Ormskirk rose suddenly and approached an open window. It was a starless sight, temperately cool, with no air stirring. Below was a garden of some sort, and a flat roof which would be that of the stables, and beyond, abrupt as a painted scene, a black wall of houses stood against a steel-colored, vacant sky, reaching precisely to the middle of the vista. Only a solitary poplar, to the rear of the garden, qualified this sombre monotony of right angles. Ormskirk saw the world as an ugly mechanical drawing, fashioned for utility, meticulously outlined with a ruler. Yet there was a scent of growing things to nudge the senses.
“No, Alison was different. And Alison has been dead near twenty years. And God help me! I no longer regret even Alison. I should have been more truthful in talking with poor Harry Heleigh. But, as always, the temptation to be picturesque was irresistible. Besides, the truth is humiliating.
“The real tragedy of life is to learn that it is not really tragic. To learn that the world is gross, that it lacks nobility, that to considerate persons it must be in effect quite unimportant,–here are commonplaces, sweepings from the tub of the immaturest cynic. But to learn that you yourself were thoughtfully constructed in harmony with the world you were to live in, that you yourself are incapable of any great passion–eh, this is an athletic blow to human vanity. Well! I acknowledge it. My love for Alison Pleydell was the one sincere thing in my life. And it is dead. I do not think of her once a month. I do not regret her except when I am tipsy or bored or listening to music, and wish to fancy myself the picturesque victim of a flint-hearted world. Which is a romantic lie; I move like a man of card-board in a card-board world. Certain faculties and tastes and mannerisms I undoubtedly possess, but if I have any personality at all, I am not aware of it; I am a mechanism that eats and sleeps and clumsily perambulates a ball that spins around a larger ball that revolves about another, and so on, ad infinitum. Some day the mechanism will be broken. Or it will slowly wear out, perhaps. And then it will go to the dust-heap. And that will be the end of the great Duke of Ormskirk.
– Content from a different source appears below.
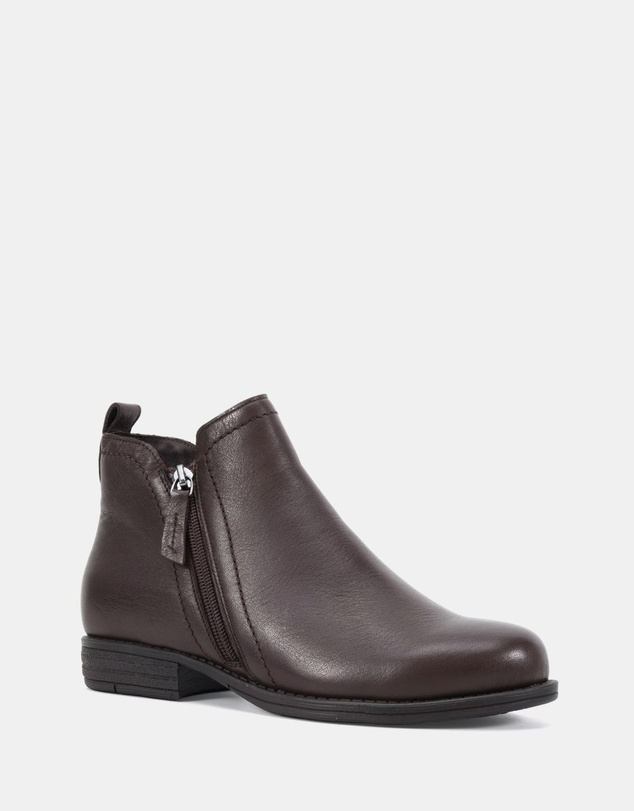 Clarks - Holla Dark Brown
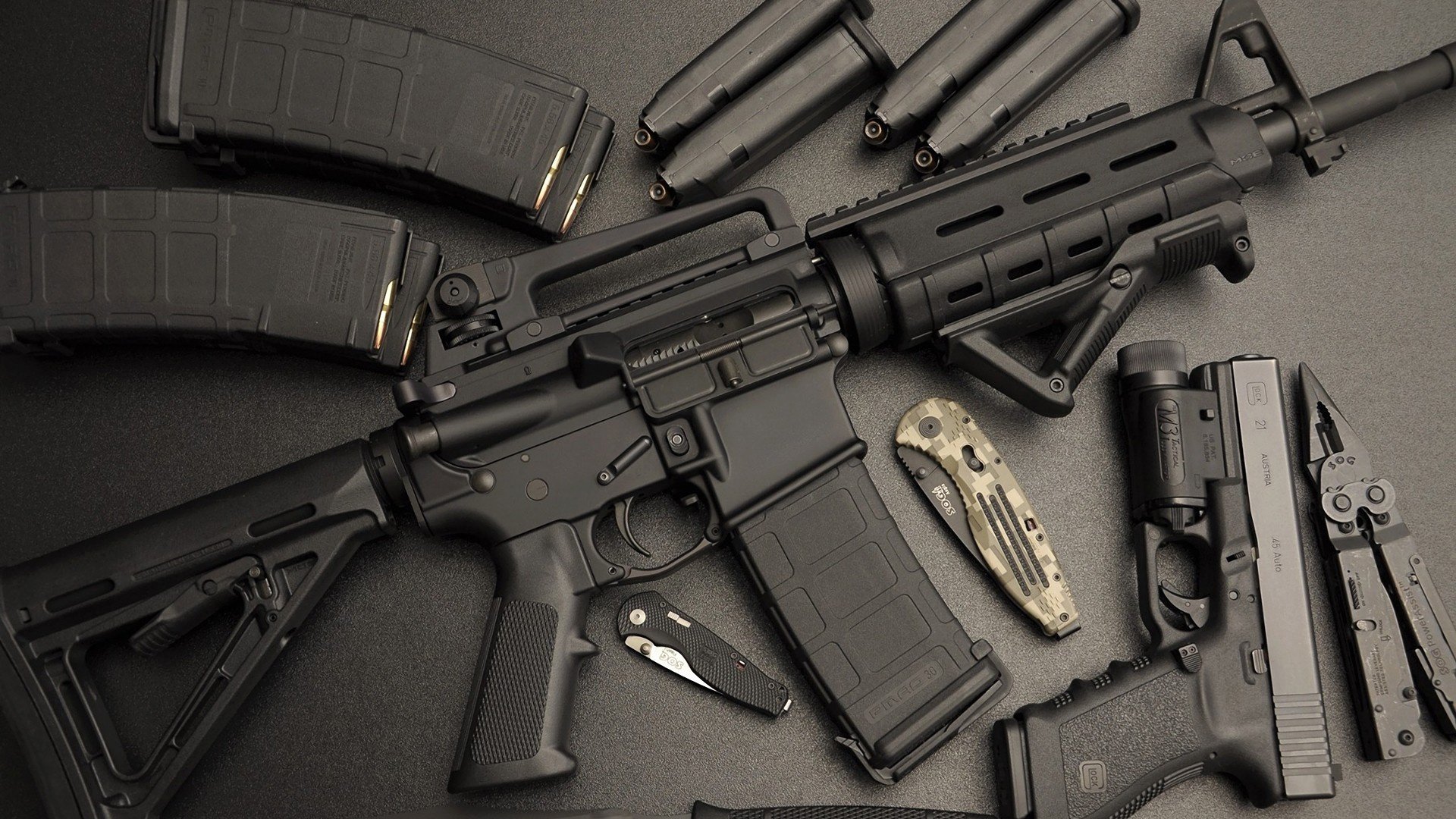 看台与赛场,当皮克的目光,遇见中国掀翻乌拉圭的那个下午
“John Bulmer did not think so. It is true that John Bulmer was a magnanimous fool,–Upon the other hand, John Bulmer would never have stared out of an ugly window at an uglier landscape and have talked yet uglier nonsense to it. He would have been off post-haste after the young person who is ‘beautiful as an angel and headstrong as a devil.’ And afterward he would have been very happy or else very miserable. I begin to think that John Bulmer was more sensible than the great Duke of Ormskirk. I would–I would that he were still alive.”
His Grace slapped one palm against his thigh with unwonted vigor. “Behold, what I am longing for! I am longing for John Bulmer.”
Presently he sounded the gong upon his desk. And presently he said: “My adorable Pawsey, the great Duke of Ormskirk is now going to pay his respects to George Guelph, King of Britain, France, and Ireland, defender of the faith. Duke of Brunswick and Lunenburg, and supreme head of the Anglican and Hibernian Church. And to-morrow Mr. John Bulmer will set forth upon a little journey into Poictesme. You will obligingly pack a valise. No, I shall not require you,–for John Bulmer was entirely capable of dressing and shaving himself. So kindly go to the devil, Pawsey, and stop staring at me.”
Later in the evening Pawsey, a thought mellowed by the ale of Dover, deplored with tears the instability of a nation whose pilots were addicted to tippling.